By contrast, when a key goal for one or both sides is to educate themselves and the other side about the underlying facts and legal basis of their position, evaluative mediation might be best.

Mediators will often have a reputation for which style they follow, but if in doubt, you should be able to ask a potential mediator about their process before nominating them.

Disputes between an insurer and insured

Regrettably, disputes between an insurer and the insured over the extent of cover are quite common.

Each of the alternative dispute resolution methods mentioned is equally available for disputes concerning the insurance policy itself.

Some policies have specific dispute resolution mechanisms, but many professional indemnity policies do not (except for the question of whether to defend or settle a claim).

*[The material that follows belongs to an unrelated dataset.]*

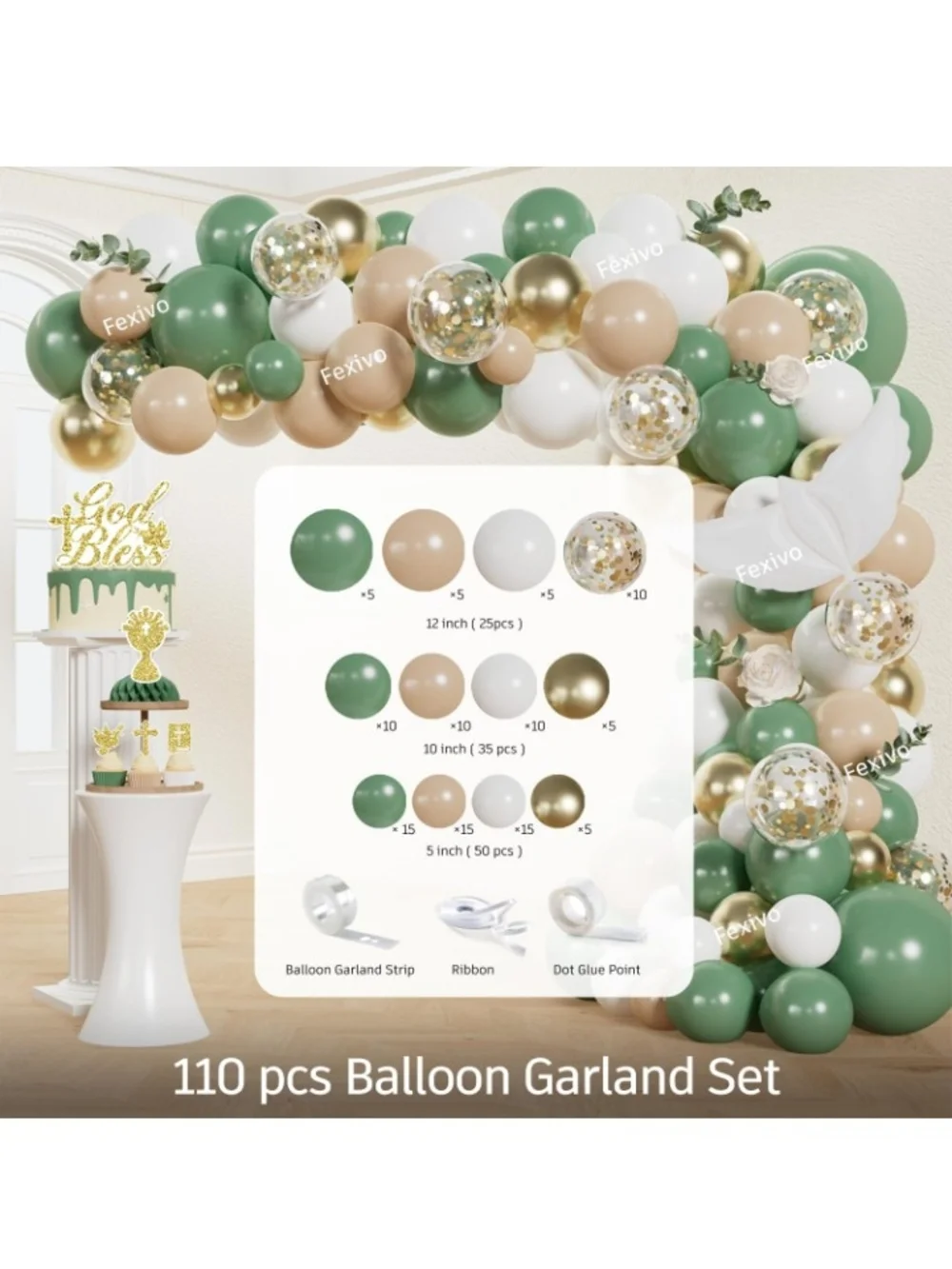 294pcs Baptism Decorations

They certainly do not have an arbitration clause, even though insurers may consider the ability to have questions of interpretation ruled on confidentially—one insured at a time—beneficial. Section 43 of the Insurance Contracts Act 1984 (Cth) prohibits a policy providing in advance for the referral of a dispute to arbitration. However, subsection (2) specifically allows an insured and insurer to agree to refer their dispute to arbitration after it has arisen. In that situation, one or both parties may be attracted to the possibility of a quicker, cheaper option to have the dispute determined.

Similarly, expert determination of the effect of a policy, or the application to certain facts, may well be convenient and appropriate.

Success

How can insurers and insured parties increase the likelihood of a successful outcome? I suggest that they do so by defining success as something other than a vindication of legal rights.

Experience shows that the focus on litigation as the primary method of determining rights leads (on one hand) to a long and costly process, and encourages (on the other hand) a form of mediation that is designed more to mitigate cost and delay than it is to provide parties with a satisfactory outcome.

For an insured party, the indicator of successful litigation is a clearly favourable judgment on the issues in dispute. All other considerations are secondary.

By contrast, the indicators of successful dispute resolution more broadly will likely be:

  • quick resolution with minimal disruption to business;

  • preserving business relationships if possible;

  • avoiding reputational damage;

  • confidentiality (which tends to help avoid reputational damage); and

  • relatively low financial payment by the insurer to settle a claim (minimising the impact of future premiums).

It may be possible to achieve many or all of these in the same matter.

For an insurer, the indicators of successful dispute resolution will be:

  • quick resolution;

  • lower claim payment;

  • lower defence costs;

  • a happy insured customer; and

  • reduced likelihood of follow-on claims.

Each of the ADR methods discussed here offers an increased likelihood of serving the interests of the insurer and the insured client, compared to traditional litigation and the traditional settlement shortly before trial. In doing so, they are also likely to be to the benefit of the claimant.

A high proportion of modern commercial contracts include a dispute resolution clause along the following lines:

Within 14 days after receiving a notice of dispute, the parties shall confer at least once to resolve the dispute or to agree on methods of doing so. [AS4092-2000] (emphasis added)

In many cases, if not most, the parties will have an opportunity to consider whether a method other than litigation offers a superior alternative.

In some cases, some forms of ADR will not be appropriate or preferable. For example, some types of disputes are not arbitrable, and expert determination will not have power to join and bind a third party. However, most cases do not turn on these issues, so it is worth time to consider all the options.